Je n’ai jamais eu, heureusement pour moi, à subir ce que l’on pourrait qualifier de violence de premier ordre. Mais le machisme ordinaire, ça, je connais.
La première expérience que j’en ai eu c’était à ma sortie du lycée, je rentrais en études supérieures et pour cela il fallait prendre le train. Châtelet à Paris. Le RER B à l’heure de pointe… les parisiennes comprendront rapidement où je veux en venir.
Un jour que le wagon était tellement bondé que l’on pouvait à peine respirer et absolument pas bouger je sens une main effleurer mes fesses. « Pas de panique, me dis-je, ça doit être quelqu’un qui cherche son portable dans son sac, après tout nous sommes tellement serré ici ! » Mais moins d’une demi-seconde après avoir formulé cette pensée je sens que la main remonte sous ma jupe droit vers mon entrejambe. Sans réfléchir – et comme je ne pouvais pas me retourner pour voir de qui il s’agissait – je donne un grand coup de coude derrière moi. J’entends distinctement quelqu’un dire « Aie ! » sans savoir si cela provient ou non de mon pervers mais tant pis, la main se retire et ne reviens pas.
Je pars en province, plus de main baladeuse pour moi et à part quelques moments de drague le soir au retour de soirée – ce que je considère plus ou moins comme normal – rien ne vient me rappeler cet écœurant épisode du train. Une violence « ordinaire », sans séquelle physique mais un mauvais souvenir. Je sens confusément que ce n’est pas normal d’avoir ce genre de souvenir, mais j’oublie rapidement.
Retour à Paris.
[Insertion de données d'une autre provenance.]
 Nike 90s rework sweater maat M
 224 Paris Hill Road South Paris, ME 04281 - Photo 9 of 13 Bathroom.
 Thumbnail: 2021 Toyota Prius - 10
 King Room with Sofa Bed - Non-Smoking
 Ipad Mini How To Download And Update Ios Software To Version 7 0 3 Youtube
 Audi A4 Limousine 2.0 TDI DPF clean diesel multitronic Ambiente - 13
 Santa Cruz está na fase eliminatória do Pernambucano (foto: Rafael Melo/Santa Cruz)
Tous les matins dans ma petite banlieue je passe devant un chantier. Tous les matins l’un des ouvriers, un petit homme à moitié chauve d’une quarantaine d’année, me dit bonjour d’une façon si insistante que je ne peux qu’y répondre. Parfois il me demande si ça va, il me dit que je suis mignonne aujourd’hui lorsque je porte une robe… (Ce mot de « mignonne » prononcé par un inconnu me dégoûte; pense t-il que je suis une petit fille ? Cela me donne l’impression d’avoir 10 ans et d’être face à un pédophile, j’exagère à peine). Lorsque je passe loin de lui je me sens soulagée, pas obligée de lui répondre. Pourtant il a beau être à l’autre bout du chantier, il me siffle pour que je me retourne et le salue. C’est ordinaire, pas violent… Alors pourquoi ai-je une boule au ventre le matin lorsque je sors prendre mon train ? Pourquoi me dis-je, lorsque je vais dormir chez mon ami : « Ouf je n’aurai pas à passer devant le chantier demain matin ! ». Il me semble que je ne devrais pas avoir à penser à cela.
Arrivée à Gare du Nord c’est le comble de ce machisme « ordinaire ». Les « t’es belle » susurrés par des inconnus qui ne te laissent même pas le temps de te retourner pour leur répondre, les regards insistants sur mes jambes nues lorsque je porte une jupe, voire sur ma poitrine, que j’ai pourtant très petite.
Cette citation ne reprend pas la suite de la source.